Every entry below should be reproduced exactly; no picture is to be included.

[[ RECORDS SHOWN, beginning ]]

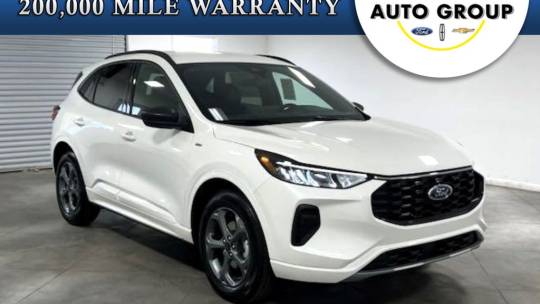 2024 Ford Escape st-line series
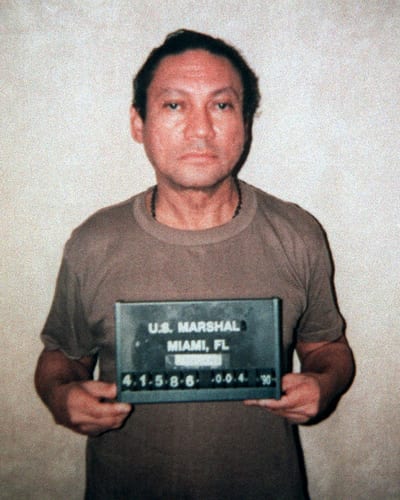 Manuel Noriega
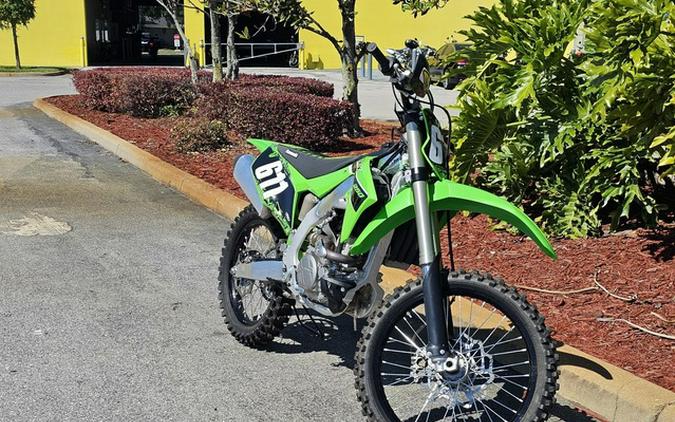 2023 Kawasaki KX 250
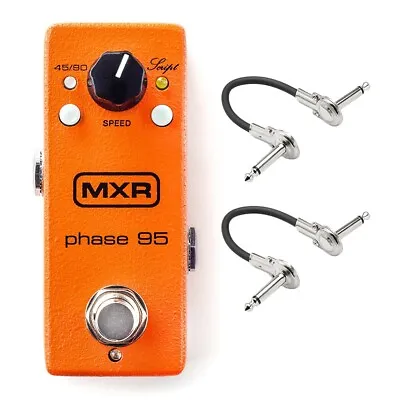 New MXR M290 Phase 95 Mini Phaser Guitar Effects Pedal • $109.99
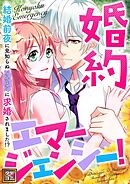 婚約エマージェンシー！～結婚前夜に見知らぬイケメンに求婚されました！？【タテヨミ】(40)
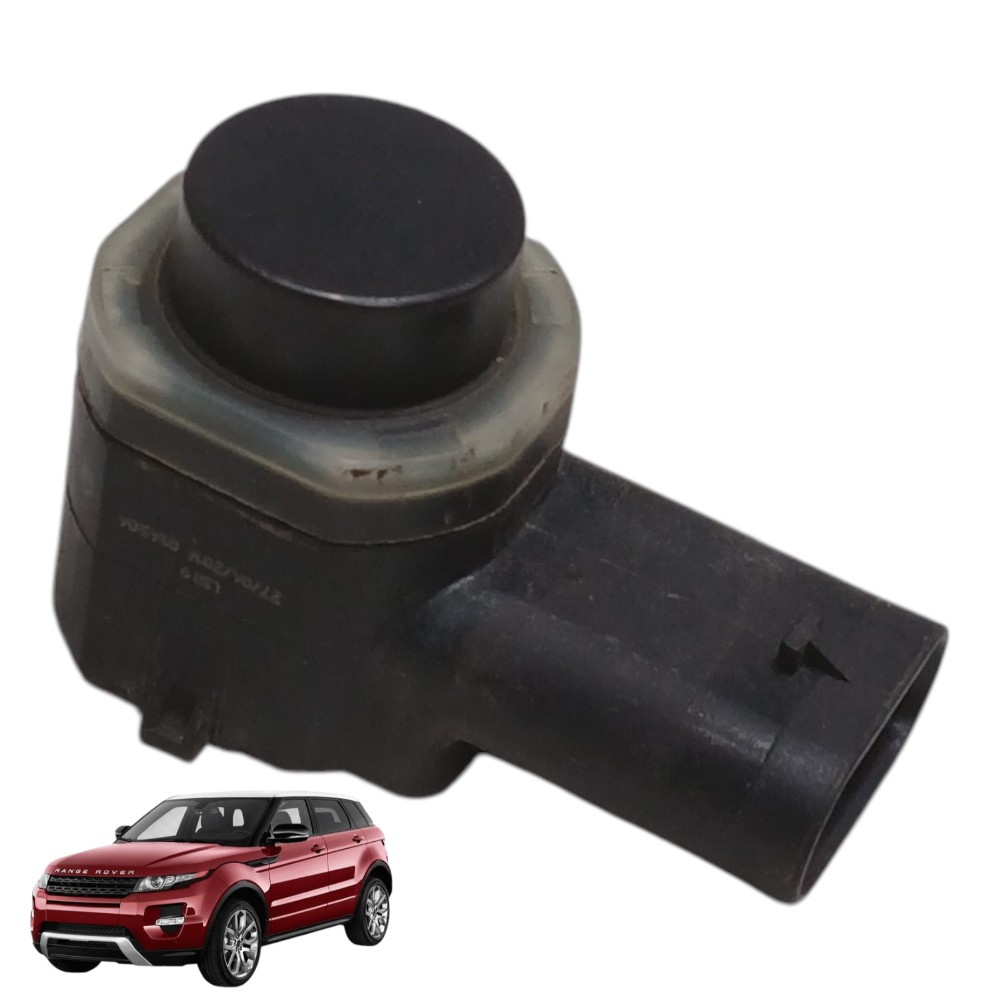 Sensor Estacionamento Traseiro Range Rover Evoque 2.0 2014 Preto 1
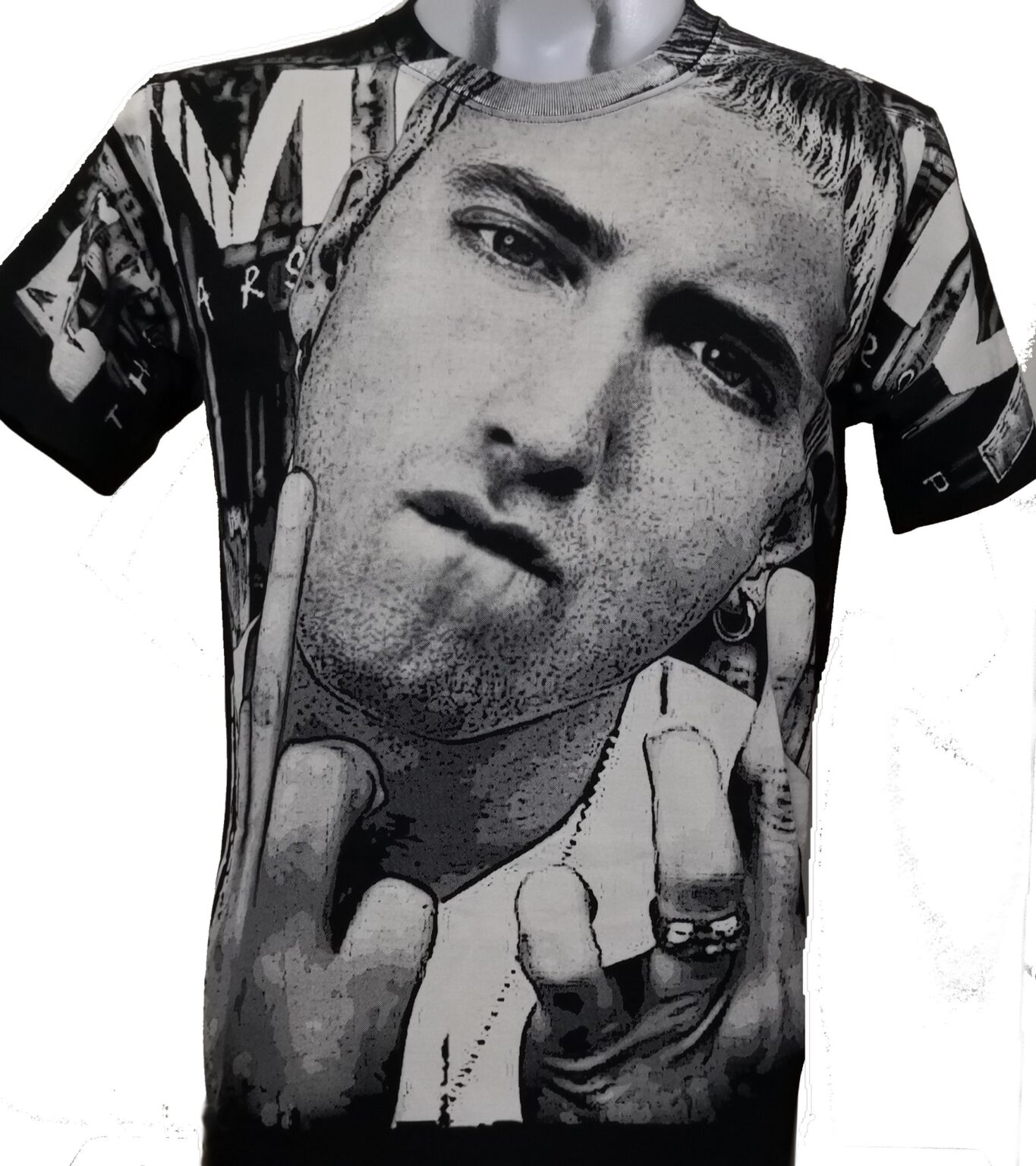 Eminem t-shirt size XXXL – RoxxBKK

[[ RECORDS SHOWN, end ]]

# [ANSWER BOX]
 2024 Ford Escape st-line series
 Manuel Noriega
 2023 Kawasaki KX 250
 New MXR M290 Phase 95 Mini Phaser Guitar Effects Pedal • $109.99
 婚約エマージェンシー！～結婚前夜に見知らぬイケメンに求婚されました！？【タテヨミ】(40)
 Sensor Estacionamento Traseiro Range Rover Evoque 2.0 2014 Preto 1
 Eminem t-shirt size XXXL – RoxxBKK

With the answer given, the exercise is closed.